Tiger Iron, also known as Mugglestone, is found primarily in Australia and South Africa. It is a banded stone containing layers of golden tiger’s eye, red (and sometimes yellow) jasper and hematite.
The tiger’s eye quartz in this gemstone demonstrates chatoyancy, an optical effect which creates a luminous sheen reminiscent of a cat’s eye. Indeed, that is where the effect gets its name, from the French œil de chat (cat’s eye). The arrangement of fibres in tiger’s eye is responsible for this chatoyancy.
Jasper, a blend of chalcedony and opaque quartz, comes in several colours such as red, yellow, brown, green and blue and can have spots, blotches or stripes.
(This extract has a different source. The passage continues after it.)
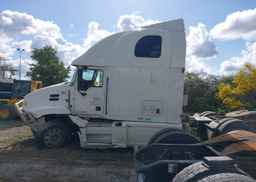 2018 MACK 600 CXU600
In fact, the name jasper, handed down through the millennia from Asian and Middle-eastern languages, means “spotted or speckled stone”. The red jasper in tiger iron is caused by iron inclusions.
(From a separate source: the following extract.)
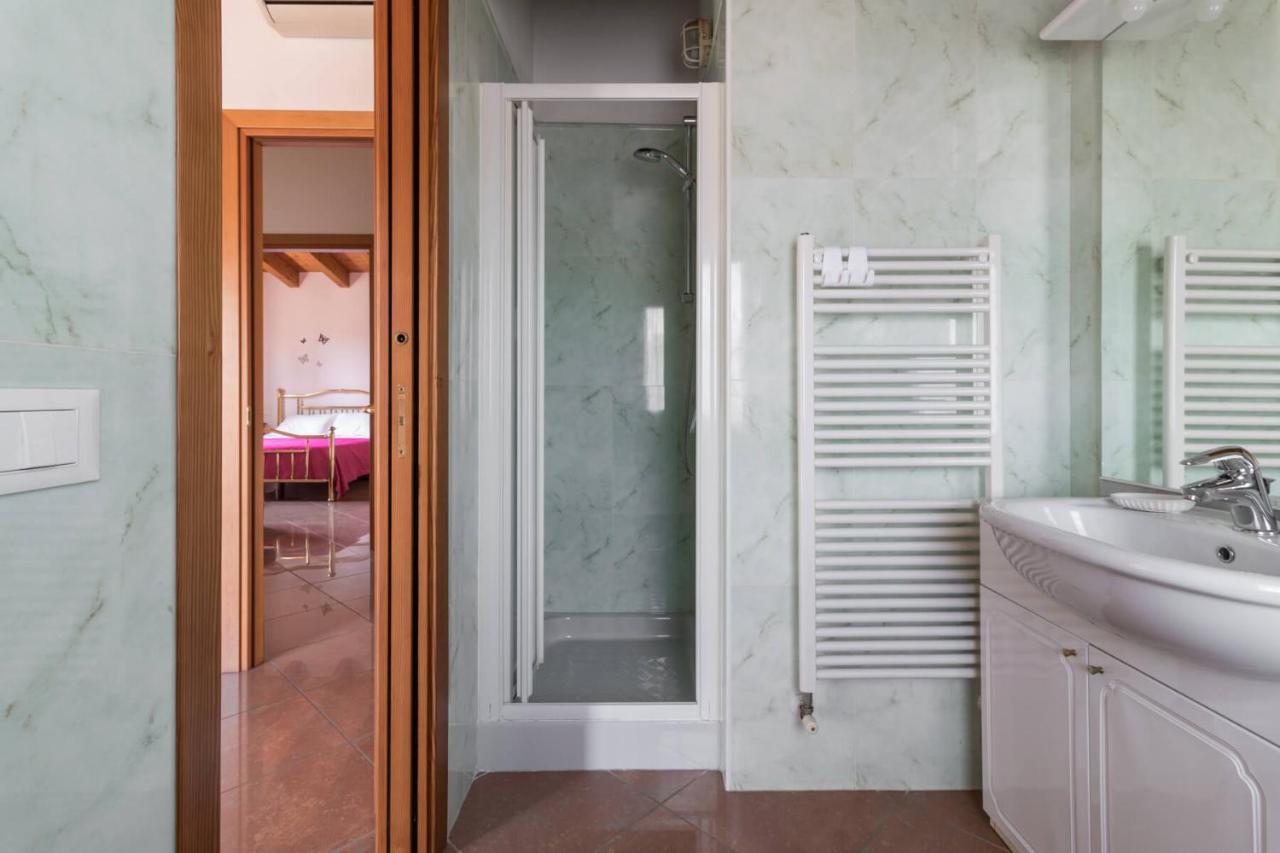Frank Ronyo Apartment เดเซนซาโนเดลการ์ดา ภายนอก รูปภาพ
Hematite is an iron oxide which can be black, steel grey, silver, or a dark reddish-brown. Its main use is as ore for iron, and the deep red varieties make a pigment. Powdered rouge (used in paint and cosmetics), red or yellow ochre clay and the red drawing chalk, sanguine, all contain various amounts of hematite.
So why is Tiger Iron sometimes called Mugglestone? Some believe that tiger iron is a protective stone which deflects harmful energy caused by the judgments of others. We first saw the term muggle in Harry Potter, of course, referring to non-magickal folk, or to those who don’t believe in magick or consider it evil. How appropriate, then, that this grounding stone, which contains the strength of iron, is often used to repel negativity and provide power, stamina and positive energy in the face of adversity!